The performance took place at BAM's more intimate Harvey Theater, a noble wreck of a building left mainly un-renovated in the public spaces. New seating was installed and I must say it's singularly uncomfortable: the seats are too narrow, with no arm-rests, and there's little leg room. If you are unlucky enough to be seated next to an obese person you will not have a pleasant evening.
HAZE is a response to the pollution situation in modern-day China; though divided into three parts - Light, City and Shore - the setting, costumes and atmosphere remain the same for all three: a rough-hewn stone wall at the back with clouds of smoke billowing around the space. The dancers look marvelous in their sleek outfits, the men bare-chested. The lighting is excellent throughout.
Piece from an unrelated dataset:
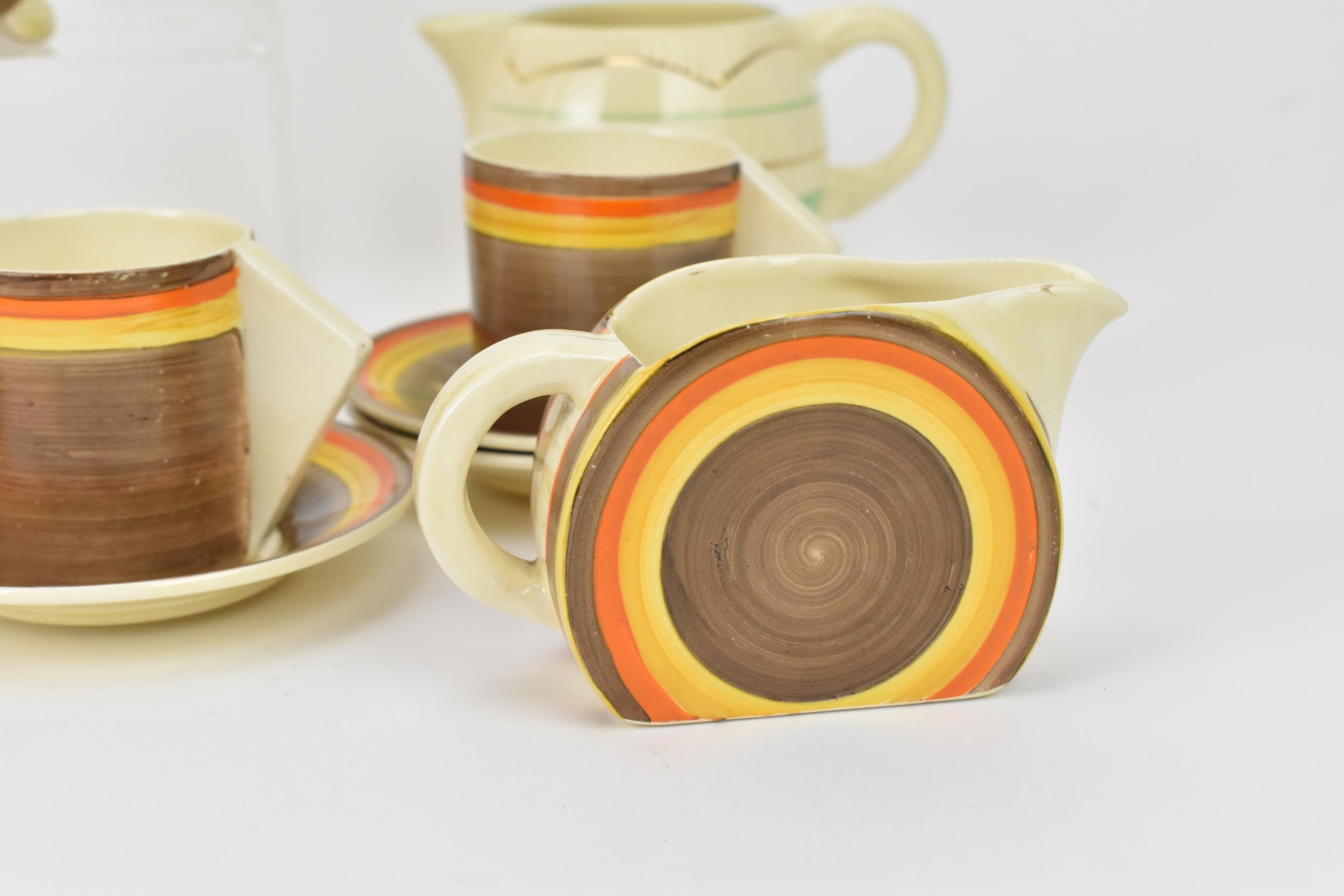 A 1930s Clarice Cliff Newport Pottery Bizarre pattern coffee set in the 'Liberty Stripe' pattern, - Image 6 of 11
For all this visual power, the music and the choreography simply don't add up to a satisfying 70-minute dancework. The Henryk Gorecki score, doleful and jaggedly thrusting by turns, is fine; it's the rather extended segments in which music of Biosphere is used that become random, and it is at these times that the work overall loses focus.
The floor is over-layered with rubbery sponge matting which 'gives' under the dancers' weight. This gives much of the dancing an off-kilter feeling which is interesting at first but later seems simply like a gimmick. With this surface, the choreographer feels safe in asking the dancers to fall, and they do...endlessly. It's stunning the first dozen times but over a 70-minute period with literally hundreds of falls it becomes a cliche. The dancers work superbly on the tricky surface but of course one exciting aspect of dance is to see a combination nailed with a flawless landing. Here the dancers tended to collapse as they finished each airborne pattern.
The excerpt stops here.